Top right: Information on R objects that we have created (dataframes, vectors, variables...)

Bottom right: Files, plots, packages and versions, help...

Note on running scripts: To run the whole script, click run. To run a part of the script, highlight it and press ctrl+enter.

2.3 Commenting code

It is always a good idea to comment lines of code. Use # at the start of a line in order place a comment or in order to deactivate the line so that it does not run.

2.4 Installing packages

Installing packages in R is done with the command install.packages("package_name"). To install the tidyverse package, we can thus type install.packages("tidyverse"). Once the package has been installed, it needs to be loaded every session using the code library("package_name"). Thus, the first lines of our script will be:

### Installing and loading packages
# install.packages("tidyverse")
# install.packages("sf")
library("tidyverse")
library("sf")

A useful piece of code to install packages only if they are not already installed, then load them, is:

### installs if necessary and loads tidyverse and sf, another package which we will be using today
list.of.packages <- c("tidyverse", "sf")
new.packages <- list.of.packages[!(list.of.packages %in% installed.packages()[,"Package"])]
if(length(new.packages)) install.packages(new.packages, repos = "http://cran.us.r-project.org")

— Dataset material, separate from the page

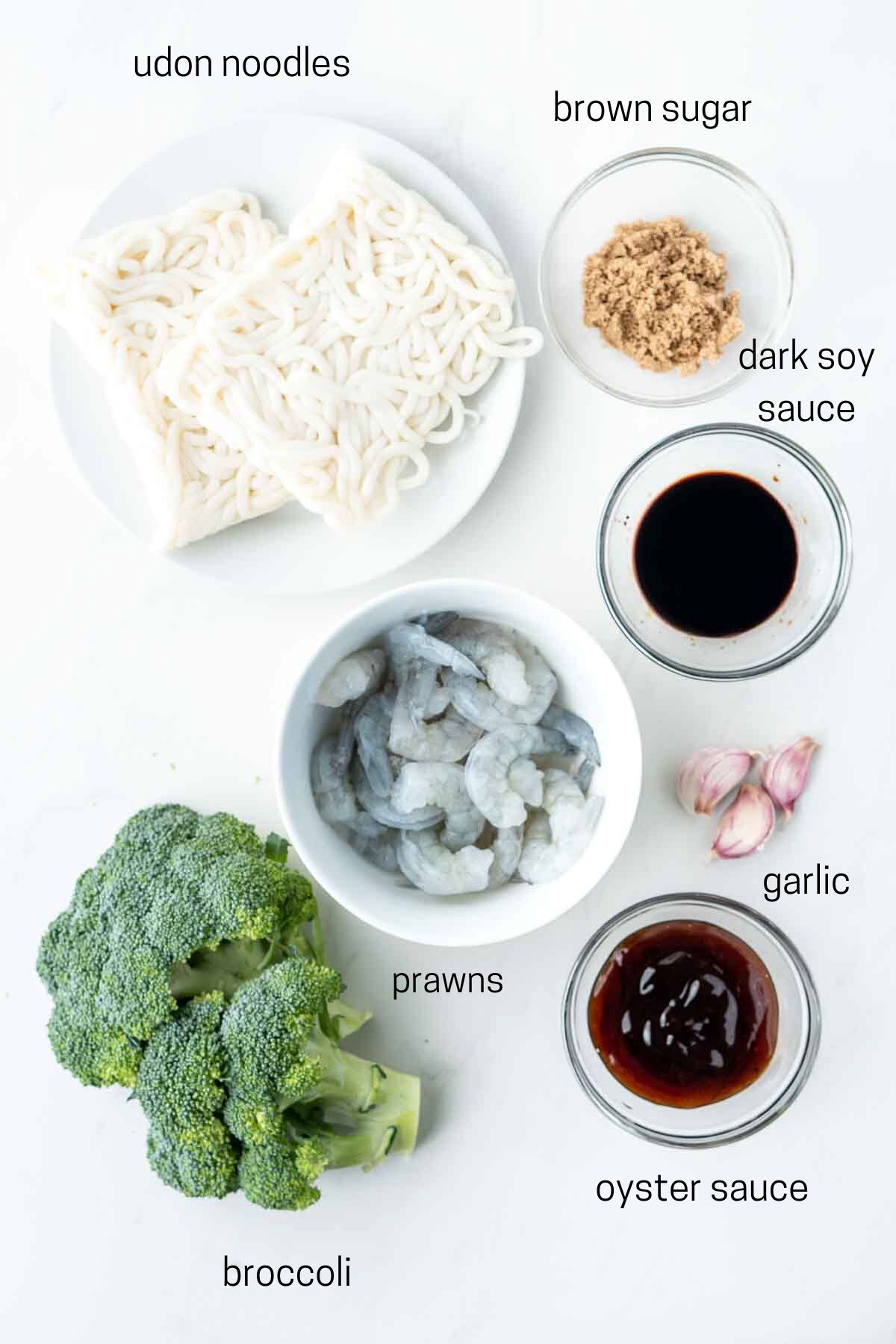 All ingredients needed to make garlic prawn noodles laid out in bowls.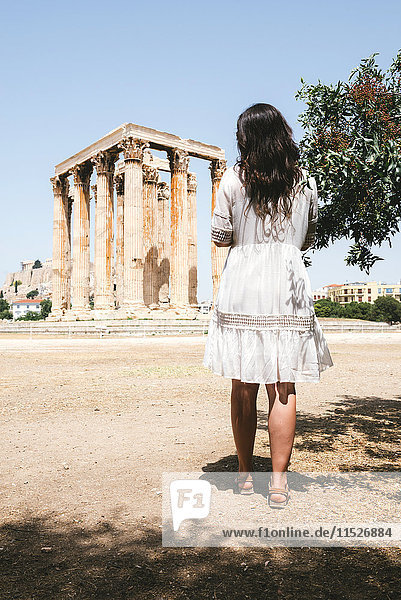 Griechenland  Athen  Frau beim Besuch des Olympion mit der Akropolis im Hintergrund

invisible(lapply(list.of.packages, library, character.only = TRUE))

3 Reading data

All the data for today's exercise can be downloaded from here.

This folder contains the French population data at the IRIS level (50k units in metropolitan France) (source: Insee website), the shapefiles for the IRIS (source) and the shapefiles for the arrondissements in Paris (source).

3.1 Reading delimited data

This data is in the form of an .csv (comma-separated values). This can be read using the function read_delim the tidyverse package readr. To the left of the <- sign is the new R object we wish to define, to the right is how we wish to define it.

df <- read_delim(file = "Data/base-ic-evol-struct-pop-2013.csv", 
                 delim = ",", 
                 col_names = TRUE, 
                 skip = 5, 
                 locale = locale(encoding = "UTF-8"))

The options for the function read_delim can be found by typing ?? read_delim in the console. Here, we just present a few frequently used options.

Argument	Description
file (required)	path to file (relative to R project)
delim (required)	delimiter
col_names (TRUE by default)	TRUE if first line is column names, else FALSE or a vector of column names
skip (0 by default)	the number of lines to skip at the start
locale	control the regional options, importantly the encoding

We can check that our dataframe df is how we want it to be by typing View(df) in the console, or by clicking on the data frame in the "Environment" panel.

Encoding matters

3.2 Other types of data

There are other packages inside the tidyverse that can be used to read most other classic types of data, for example: read_csv, read_xls, read_dta, read_sas, read_sav. These functions work similarly.

3.3 The tibble in R

A tibble in R is a standard R object used to store databases. It is the more modern version of a data frame. A tibble consists of rows and columns, where the columns contain one of five basic classes of data.

logical (e.g., TRUE, FALSE)
integer (e.g., 213, as.integer(3))
numeric (real or decimal) (e.g, 2, 2.0, pi)
complex (e.g, 1 + 0i, 1 + 4i)
character (e.g, "hello", "AA231")

When our data set was imported from .csv, R recognised character and numeric columns. We will later learn how to change column types.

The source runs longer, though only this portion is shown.